• _Problem_
Exact copy, pictures excluded: the lines from the one containing "Моющийся фильтр для" to the end of the listing.
[Opening Supplied data section]
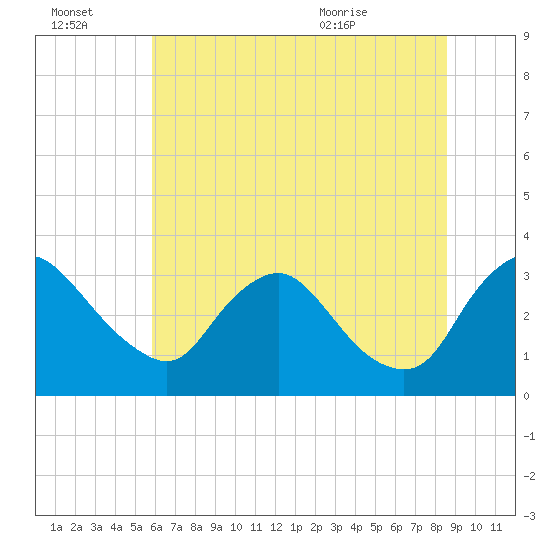 Richmond River Locks tide chart for Thursday, July 3, 2025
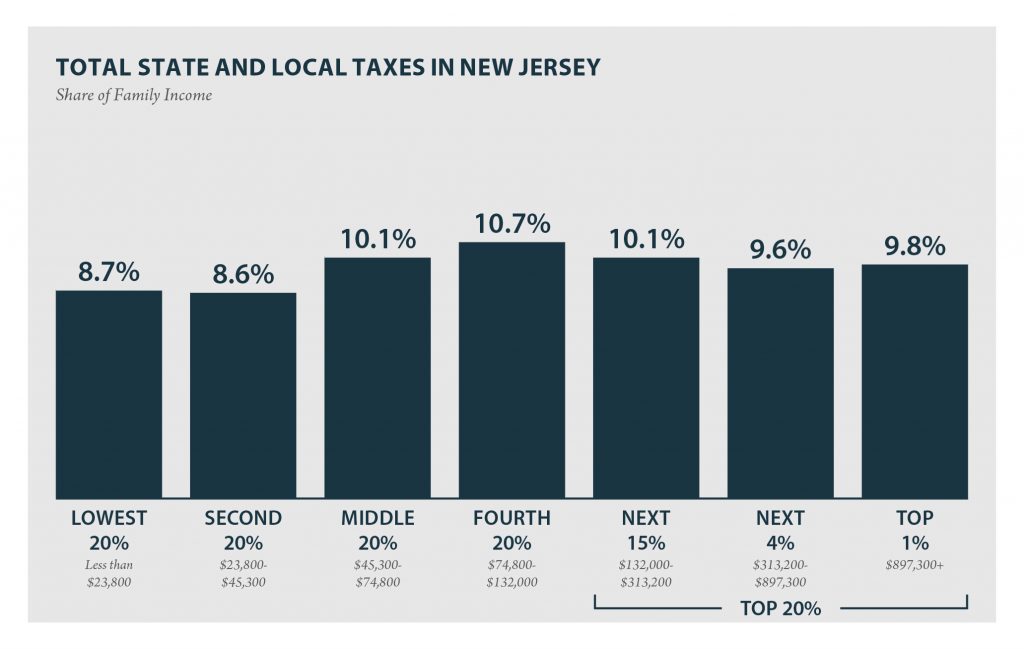 New Jersey: Who Pays? 6th Edition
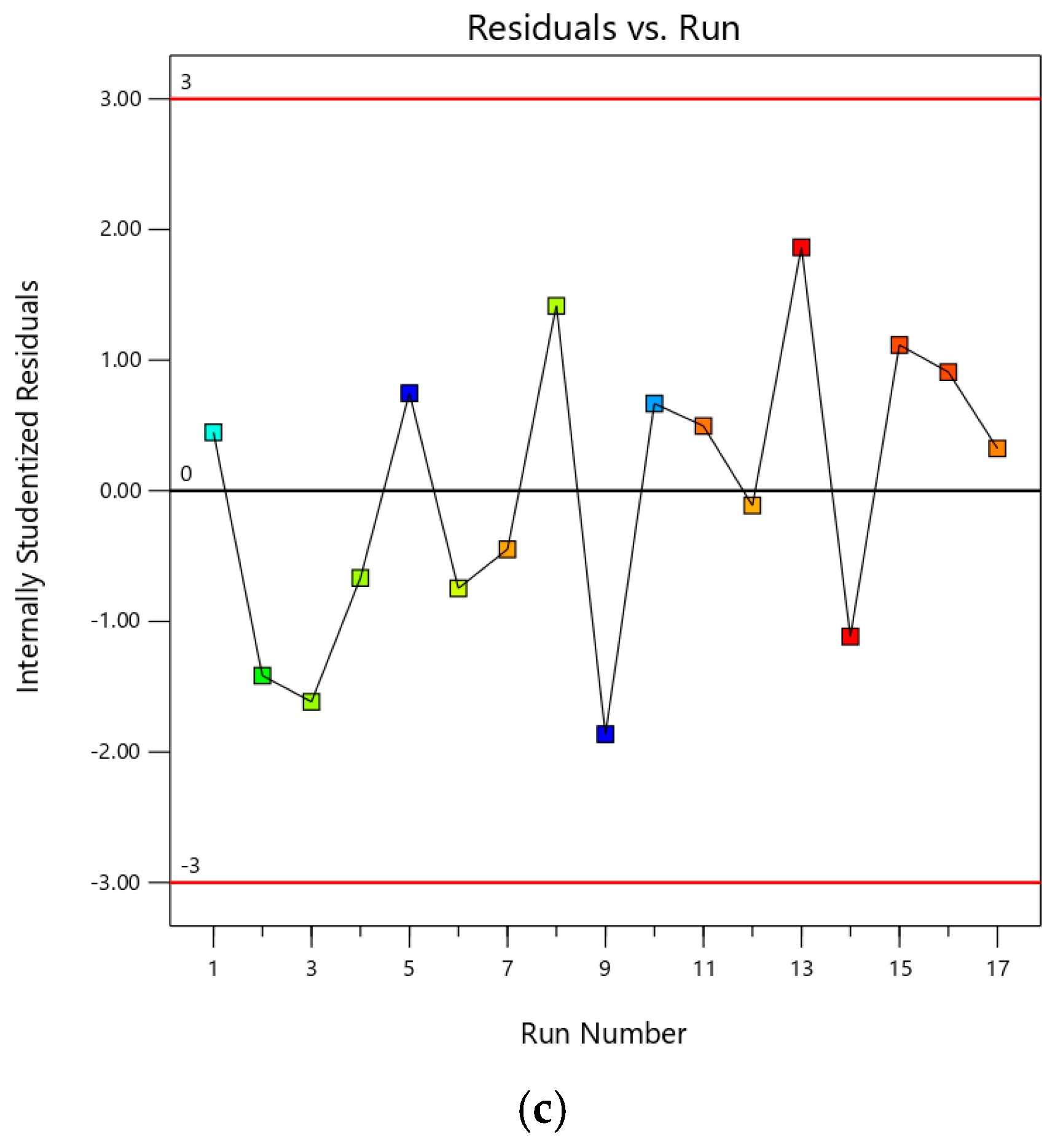 Processes 10 01268 g002b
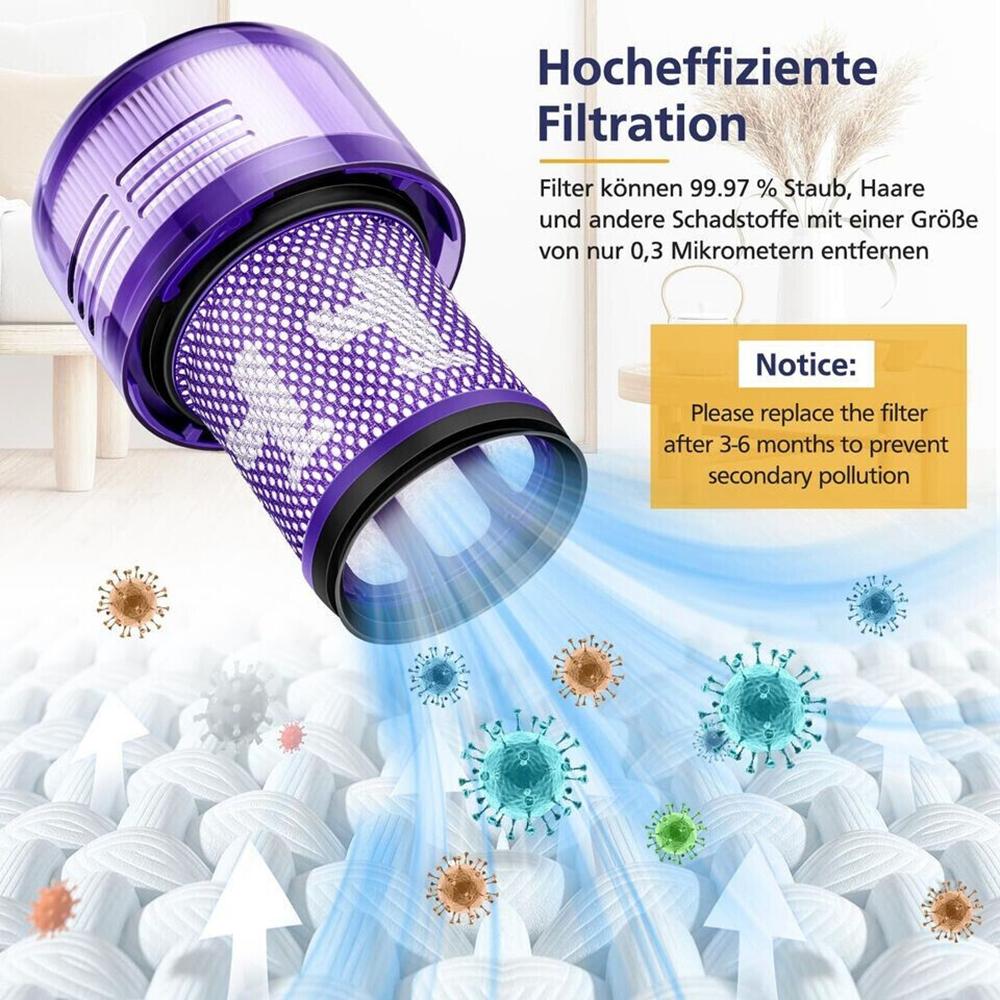 Моющийся фильтр для пылесоса Dyson V12 Slim, совместимый с Dyson V12 Detect, сменный фильтр, номер детали 971517-01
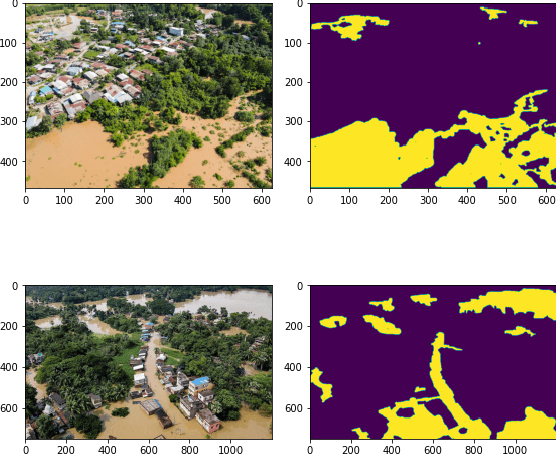 Figure 2 for Graph Attention Convolutional U-NET: A Semantic Segmentation Model for Identifying Flooded Areas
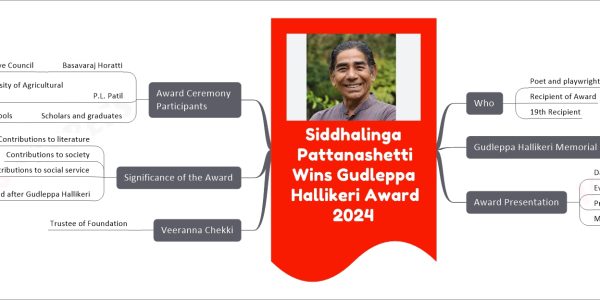 Siddhalinga Pattanashetti Wins Gudleppa Hallikeri Award 2024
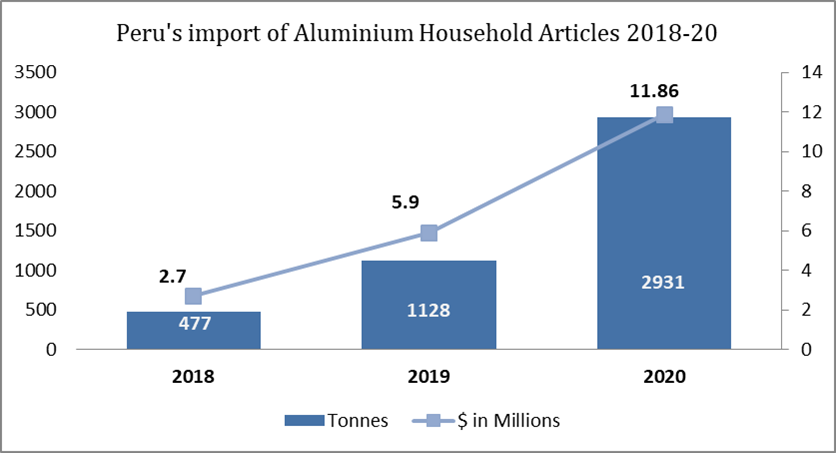 Peru’s import of Aluminium Household articles 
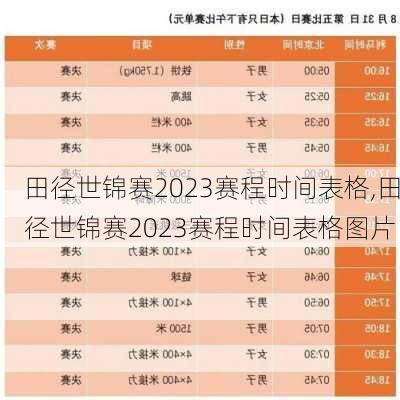 田径世锦赛2023赛程时间表格,田径世锦赛2023赛程时间表格图片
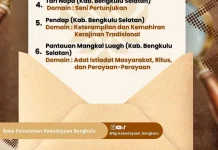 Sebanyak Empat WBTb Bengkulu Selatan Diakui Nasional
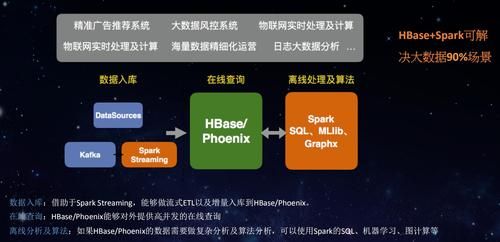 大数据开发语言Scala（一）——scala入门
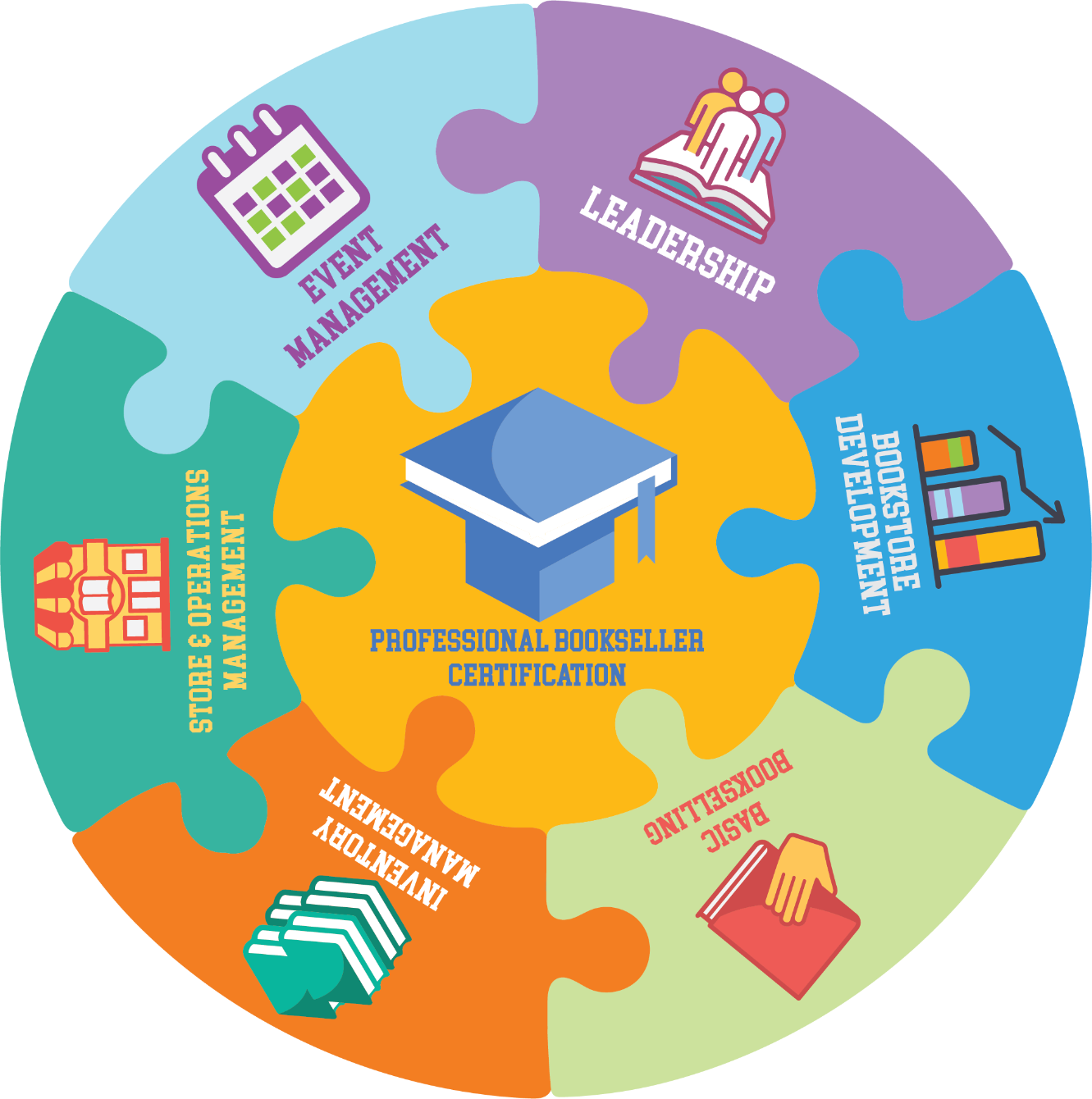 About the Here for the Booooks! campaign on Bonfire 2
[Closing Supplied data section]
• _Task response_
 Моющийся фильтр для пылесоса Dyson V12 Slim, совместимый с Dyson V12 Detect, сменный фильтр, номер детали 971517-01
 Figure 2 for Graph Attention Convolutional U-NET: A Semantic Segmentation Model for Identifying Flooded Areas
 Siddhalinga Pattanashetti Wins Gudleppa Hallikeri Award 2024
 Peru’s import of Aluminium Household articles 
 田径世锦赛2023赛程时间表格,田径世锦赛2023赛程时间表格图片
 Sebanyak Empat WBTb Bengkulu Selatan Diakui Nasional
 大数据开发语言Scala（一）——scala入门
 About the Here for the Booooks! campaign on Bonfire 2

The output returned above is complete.